What do Google, Facebook and Apple have in common? They’re all Silicon Valley giants, innovators who transformed the tech space forever — and they all picked terrible headquarters for their business. Each of these companies is located more than three miles away from the nearest regional rail station, and that’s a problem that may hurt their bottom lines sooner rather than later.
A study released by San Francisco-based research organization SPUR found that the problem of inconvenient location is widespread in Silicon Valley, making it more expensive, time-consuming and frustrating for Silicon Valley startup workers to get to and from their jobs. If you think something as minor as a bad commute isn’t enough to hurt a giant Silicon Valley company, consider the ouster of Reddit’s CEOin 2014 after attempting to move the company’s headquarters to an inconvenient area.
These examples just go to show how even the finer details about your location that seem inconsequential can quickly grow into vexing problems. When my New York-based content marketing startup Longneck & Thunderfoot (L&T) opened up an office in St. Louis, we quickly learned how important it is to consider not just the big picture of what expansion into the Midwest would mean for our business, but the smaller logistical details that would influence our ability to succeed there. Here are six questions I recommend you answer before moving to a new location.
1. Can you build a list of potential clients in the region that moving would enable you to serve better?
For B2C companies, this essentially comes down to a question of market research — how certain are you that there will be a strong demand for your products or services in this new location? Conducting market research is an elementary step in any new business venture, but some companies expand primarily so they can market themselves as national brands, leading them to create new branches without thoroughly considering how to support them.
A B2B company like L&T shouldn’t even consider opening a new location before developing a strong list of clients they’d be able to serve there. It wasn’t until we’d compiled a list of around 100 strong leads in the local area that we saw St. Louis as a viable option for our next location.
2. Is the local business community welcoming of new entrants to the market?
First off, it’s always good to check the state and city tax codes to determine if your potential new location can offer your business any tax benefits. Is there a state income tax? Do you have to pay some percentage state tax for commercial leases? Will out-of-state online orders force you to jack up shipping costs? Failure to account for factors like these could doom your new operation before it ever launches.

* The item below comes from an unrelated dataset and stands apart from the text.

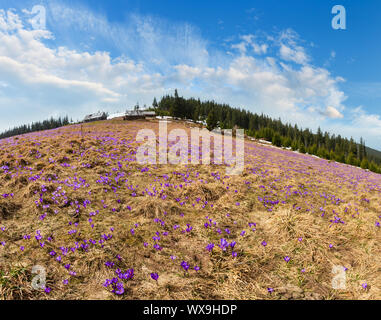 Lila Krokusse Blumen auf Spring Mountain Stockfoto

L&T’s move to St. Louis was made possible in large part due to a generous subsidy from Arch Grants, a non-profit dedicated to incentivizing new businesses to move into the city. Research opportunities either provided by the government or by non-profits and incubators at the city’s Chamber of Commerce, and you could end up getting just the financial boost you need to effectively grow your business.
3. Is there a vibrant ecosystem of companies doing interesting things?
Unless you have very good reasons for doing so, it’s always best to avoid moving somewhere where there aren’t many startups around — it usually indicates that the business climate isn’t very favorable to new and small businesses seeking to innovate. A great business city will host a good mix of new disruptors and a solid roster of larger, traditional businesses to support, partner with and patronize them.